Pros: Great animation, music, voice acting, good plot, a fair bit of humour
Cons: None for the target audience
The Bottom Line: As good as an animated children's horror movie is ever likely to get, I guess. (Action / suspense ratings for target audience not adults.)
Monster House was certainly not my first choice to go and watch but, under some peer pressure, I gave in to a certain curiosity about the movie. After all, computer-animated childrens horror movies must be a very small sub-genre, and there was an impressive list of star names associated with it, headed by Executive Co-Producers Roger Zemekis and Steven Spielberg.
Reader, I watched it.
So whats it all about, anyway? Well, theres this house you see. It likes to eat things people, mostly. Formerly inhabited by an incredibly crotchety old man named Mr Nebbercracker (voiced by Steve Buscemi), it seems to be on some kind of static rampage. Young D.J (Michael Musso) has been suspicious of the house and its inhabitant for some time, and enlists the help of his dietetically challenged and less than intellectual friend Chowder (Sam Lerner) his parents must have not wanted a kid to give him that name and local girl scout come ruthless entrepreneur Jenny (Spencer Locke). Predictably both boys fall for her instantly and for no adequately identifiable reason.
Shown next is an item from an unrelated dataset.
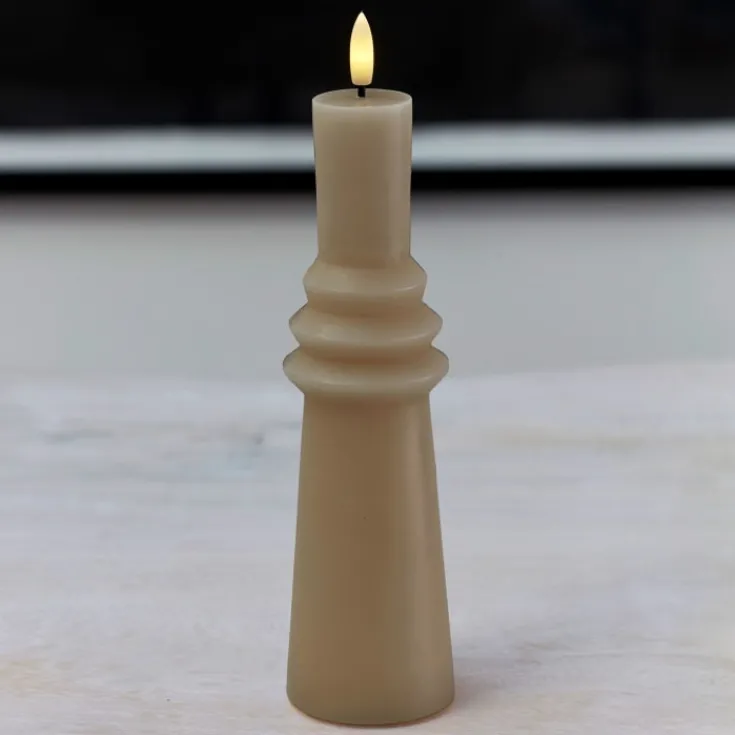 Sale Sille Nordic Sculpture Ringet kunstig stearinlys, Sirius|Kunstige Stearinlys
They try to enlist the help of the police in the form of Officers Landers and Lister (Kevin James and Nick Cannon), but not surprisingly their tale of a haunted house with a carpet that acts as a tongue, eating people, is put down to a Halloween joke. Add in D.Js babysitter from hell, Zee (Maggie Gyllenhall), and her boyfriend from a deeper region of hell, Bones (Jason Lee) and the cast is almost complete. But of course there must be room for a mega-geek video games expert who attends comic and sci-fi conventions, and his name or at least, what hes called - shall be Skull (voiced by Jon Heder).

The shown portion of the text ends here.